* WORKING DATA:
================================
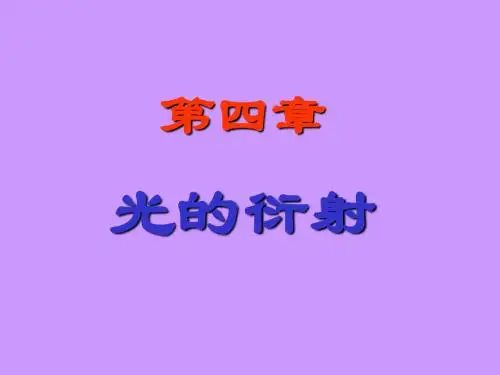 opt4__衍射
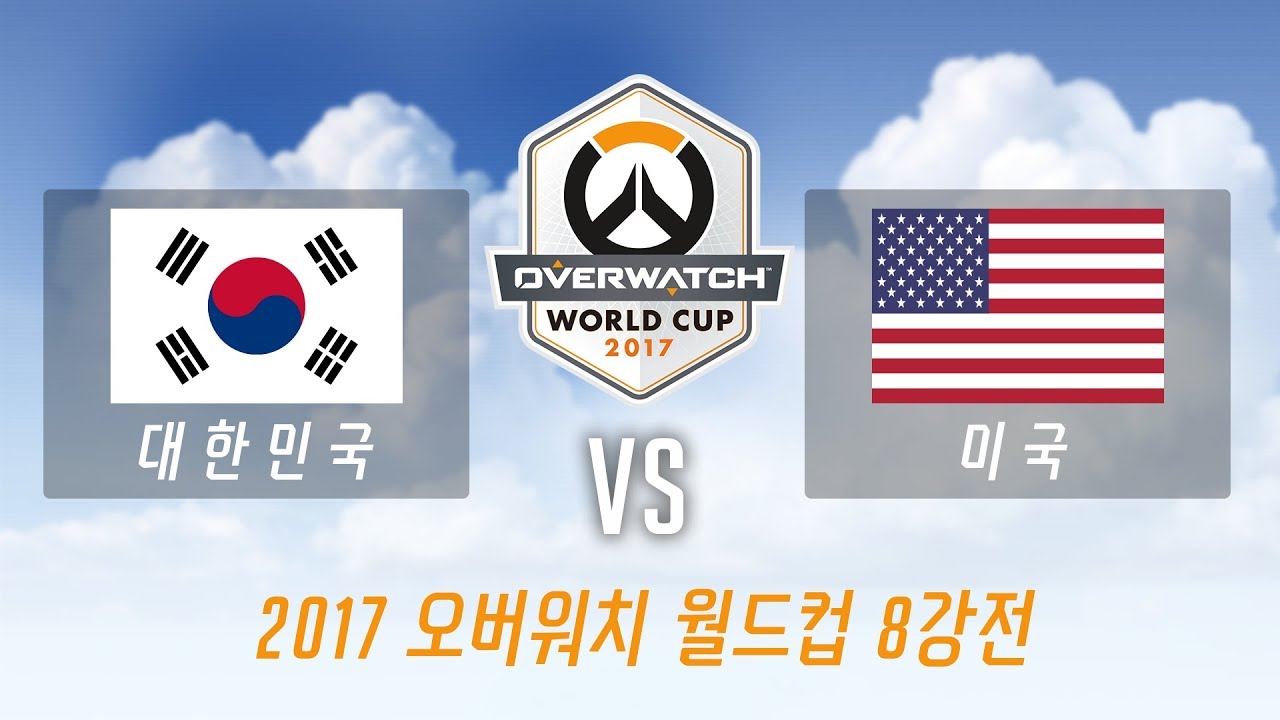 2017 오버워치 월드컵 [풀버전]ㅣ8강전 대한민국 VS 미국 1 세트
================================
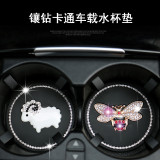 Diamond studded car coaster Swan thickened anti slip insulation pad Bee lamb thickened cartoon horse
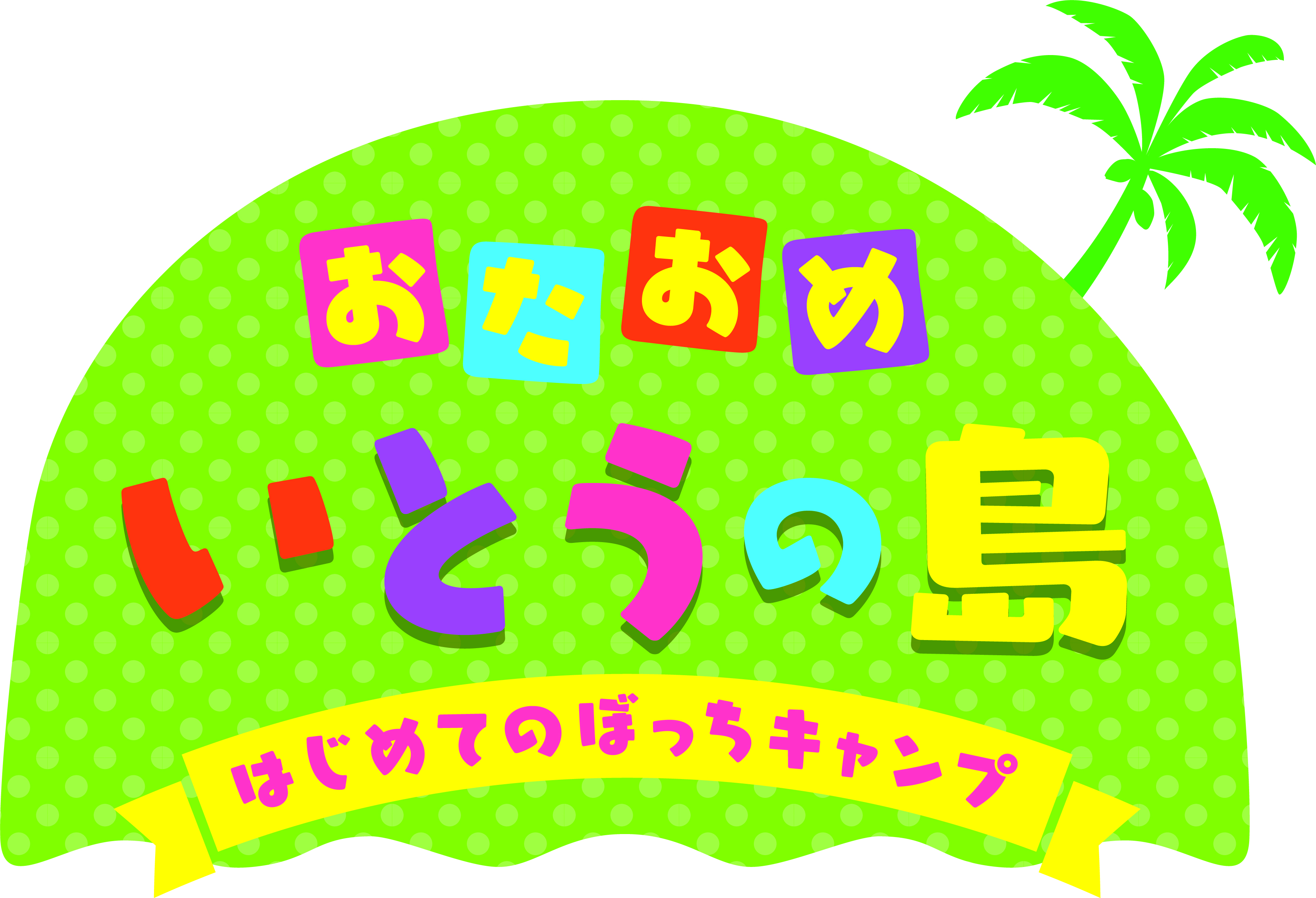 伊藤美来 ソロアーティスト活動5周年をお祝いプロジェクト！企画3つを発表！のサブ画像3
================================
* TASK STATEMENT:
The answer is those lines of the material above that run from the one containing "Diamond studded car" up to and including the one containing "伊藤美来 ソロアーティスト活", restated exactly and without images.

* SOLUTION BELOW:
 Diamond studded car coaster Swan thickened anti slip insulation pad Bee lamb thickened cartoon horse
 伊藤美来 ソロアーティスト活動5周年をお祝いプロジェクト！企画3つを発表！のサブ画像3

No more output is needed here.